-- Activity --
Without its pictures, the listing below is to be transcribed exactly.

-- Supplied material --
==============================
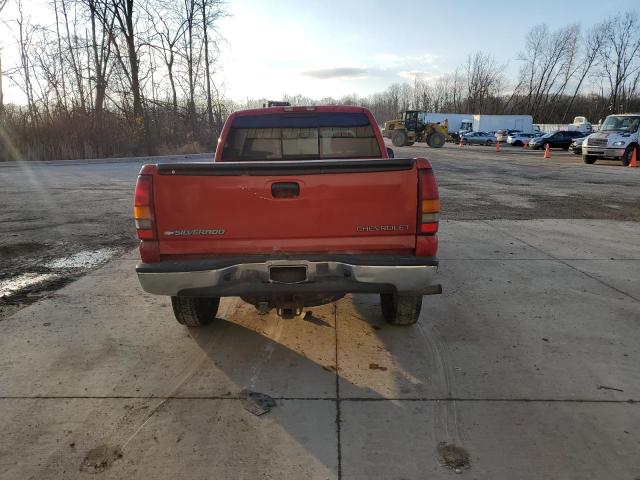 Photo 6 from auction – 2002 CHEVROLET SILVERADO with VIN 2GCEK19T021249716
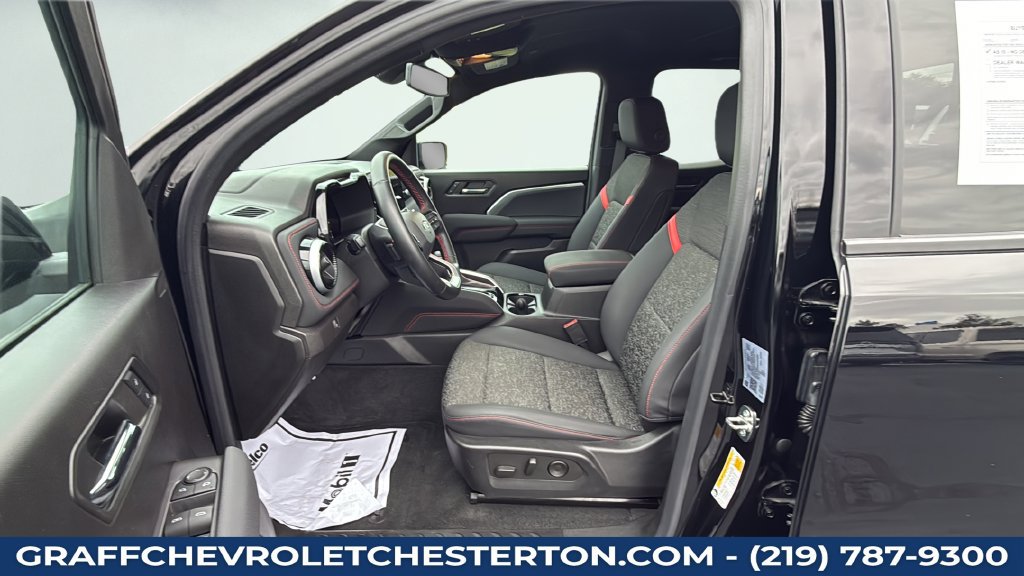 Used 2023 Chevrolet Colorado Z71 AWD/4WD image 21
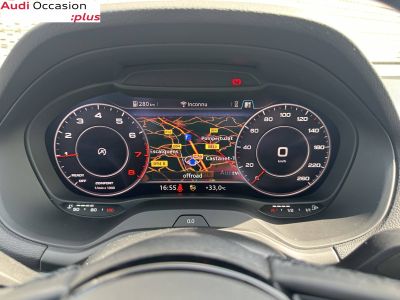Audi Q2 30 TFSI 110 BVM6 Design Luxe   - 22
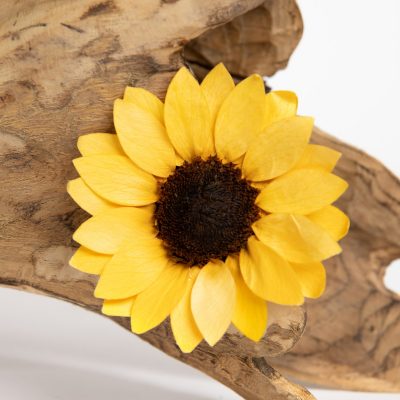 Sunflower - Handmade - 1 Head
==============================
-- Task answer --
 Photo 6 from auction – 2002 CHEVROLET SILVERADO with VIN 2GCEK19T021249716
 Used 2023 Chevrolet Colorado Z71 AWD/4WD image 21
Audi Q2 30 TFSI 110 BVM6 Design Luxe   - 22
 Sunflower - Handmade - 1 Head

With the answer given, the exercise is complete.